Source: Unpopular opinion: Social media is a great scapegoat, but it is not the source o… | Hacker News

I just felt this was a great post, serving to highlight the capriciousness, hypocrisy, and exploitation of kids just trying to get through public eduction. The people who are architecting these policies and curriculums know they have a captive audience. Further, they also know that their only resistance are parents who are too caught up in the adult versions of these same pressures to effectively combat the school boards who are applying them to their kids. Nobody likes being coerced. No one likes being compelled to do things they don’t want to do.
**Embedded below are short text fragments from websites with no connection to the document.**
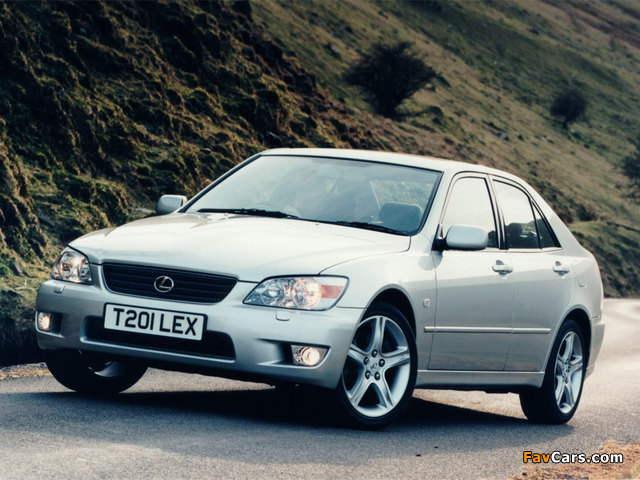 Photos of Lexus IS 200 UK-spec (XE10) 1999–2005 (640 x 480)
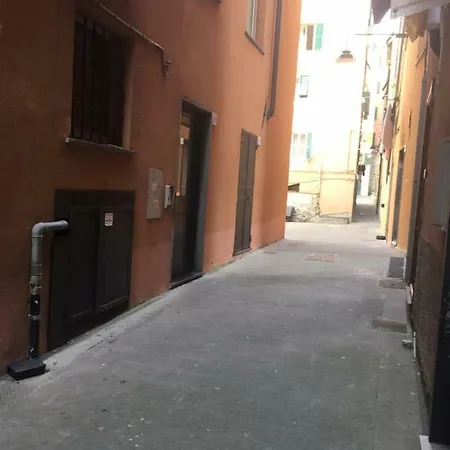 Apartment La Coccagna - Loft Nel Centro Di Genoa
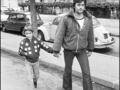 Alain Delon et son fils Anthony Delon à Paris, en 1972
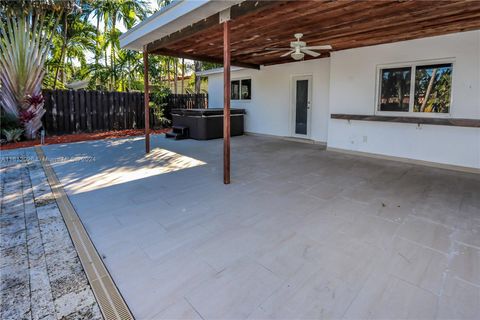 Single Family Residence in Hollywood FL 4217 Jefferson St St 33.jpg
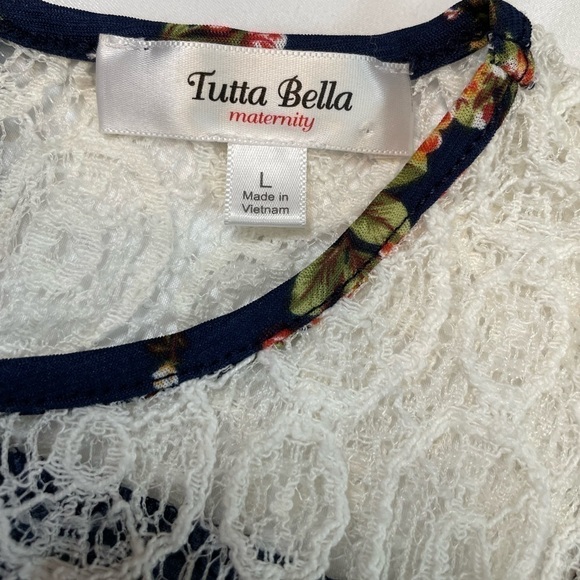 Tutta Bella maternity size large navy blue floral tank top - Picture 3 of 5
Why is so much of society now bent on telling everyone what to do and say and think!?

Cats and Dogs Living Together; Mass Hysteria

Remember when people said that if you changed the definition of marriage, you’d have people marrying, like, robots, or whatever? And then, like, the next year, a bunch of Japanese men did just that, in a mass ceremony? This has the same energy.

This goes hand-in-hand with my prediction that school board elections are about to get super serious.

This also goes hand-in-hand with the death of comedy, because there’s nothing you can’t make fun of any more that a non-insignificant number of people actually believe, and another, larger group of people say you can’t make fun of them for.

Attorney General Merrick Garland has instructed the FBI to mobilize against parents who oppose critical race theory in public schools, citing “threats.”

This belies a larger, underlying problem. School boards were instituted to provide accountability and feedback for what happens in local school systems. If board meetings are descending into threats of violence, then people are feeling frustrated that their concerns are being ignored, and the fundamental problem is that board members are not doing the collective will of the communities they’ve been elected to represent. Whatever else happens, I expect school board elections to get super serious in the next cycle.